What you need to do | Write out again each line of the material below, unchanged, from the first one to the line that holds "Nahaufnahme der schwarzen".

Supplied data |
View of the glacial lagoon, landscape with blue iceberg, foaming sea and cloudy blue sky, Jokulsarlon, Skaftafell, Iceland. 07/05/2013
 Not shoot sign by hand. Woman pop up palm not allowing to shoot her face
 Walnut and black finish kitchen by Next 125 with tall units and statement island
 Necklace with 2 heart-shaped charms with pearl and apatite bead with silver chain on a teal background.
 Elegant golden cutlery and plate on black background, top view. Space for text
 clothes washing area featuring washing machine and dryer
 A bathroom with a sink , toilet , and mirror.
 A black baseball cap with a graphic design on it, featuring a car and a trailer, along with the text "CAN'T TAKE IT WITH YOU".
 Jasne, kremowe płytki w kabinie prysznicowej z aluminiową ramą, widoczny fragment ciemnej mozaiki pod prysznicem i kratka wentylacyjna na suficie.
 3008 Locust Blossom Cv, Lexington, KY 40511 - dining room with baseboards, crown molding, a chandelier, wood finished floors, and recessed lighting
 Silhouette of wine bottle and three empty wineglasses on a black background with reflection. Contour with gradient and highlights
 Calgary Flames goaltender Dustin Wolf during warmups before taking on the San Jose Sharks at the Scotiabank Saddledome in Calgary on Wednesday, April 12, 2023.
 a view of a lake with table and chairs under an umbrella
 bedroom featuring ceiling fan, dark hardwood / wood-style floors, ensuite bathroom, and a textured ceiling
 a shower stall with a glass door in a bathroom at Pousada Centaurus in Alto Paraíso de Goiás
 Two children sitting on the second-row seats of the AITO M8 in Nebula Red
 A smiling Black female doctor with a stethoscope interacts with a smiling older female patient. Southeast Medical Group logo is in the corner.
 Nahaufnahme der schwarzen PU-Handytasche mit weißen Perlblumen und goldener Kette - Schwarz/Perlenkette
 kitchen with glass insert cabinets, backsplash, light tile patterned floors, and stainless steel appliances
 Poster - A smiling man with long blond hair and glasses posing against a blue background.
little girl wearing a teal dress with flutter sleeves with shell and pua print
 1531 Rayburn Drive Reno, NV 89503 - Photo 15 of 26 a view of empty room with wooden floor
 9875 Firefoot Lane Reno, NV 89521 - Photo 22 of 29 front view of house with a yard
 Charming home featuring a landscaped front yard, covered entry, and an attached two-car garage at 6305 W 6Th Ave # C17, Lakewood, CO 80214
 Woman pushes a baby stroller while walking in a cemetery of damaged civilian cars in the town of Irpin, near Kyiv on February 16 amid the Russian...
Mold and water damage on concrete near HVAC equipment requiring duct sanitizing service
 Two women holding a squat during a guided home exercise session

Written response |
View of the glacial lagoon, landscape with blue iceberg, foaming sea and cloudy blue sky, Jokulsarlon, Skaftafell, Iceland. 07/05/2013
 Not shoot sign by hand. Woman pop up palm not allowing to shoot her face
 Walnut and black finish kitchen by Next 125 with tall units and statement island
 Necklace with 2 heart-shaped charms with pearl and apatite bead with silver chain on a teal background.
 Elegant golden cutlery and plate on black background, top view. Space for text
 clothes washing area featuring washing machine and dryer
 A bathroom with a sink , toilet , and mirror.
 A black baseball cap with a graphic design on it, featuring a car and a trailer, along with the text "CAN'T TAKE IT WITH YOU".
 Jasne, kremowe płytki w kabinie prysznicowej z aluminiową ramą, widoczny fragment ciemnej mozaiki pod prysznicem i kratka wentylacyjna na suficie.
 3008 Locust Blossom Cv, Lexington, KY 40511 - dining room with baseboards, crown molding, a chandelier, wood finished floors, and recessed lighting
 Silhouette of wine bottle and three empty wineglasses on a black background with reflection. Contour with gradient and highlights
 Calgary Flames goaltender Dustin Wolf during warmups before taking on the San Jose Sharks at the Scotiabank Saddledome in Calgary on Wednesday, April 12, 2023.
 a view of a lake with table and chairs under an umbrella
 bedroom featuring ceiling fan, dark hardwood / wood-style floors, ensuite bathroom, and a textured ceiling
 a shower stall with a glass door in a bathroom at Pousada Centaurus in Alto Paraíso de Goiás
 Two children sitting on the second-row seats of the AITO M8 in Nebula Red
 A smiling Black female doctor with a stethoscope interacts with a smiling older female patient. Southeast Medical Group logo is in the corner.
 Nahaufnahme der schwarzen PU-Handytasche mit weißen Perlblumen und goldener Kette - Schwarz/Perlenkette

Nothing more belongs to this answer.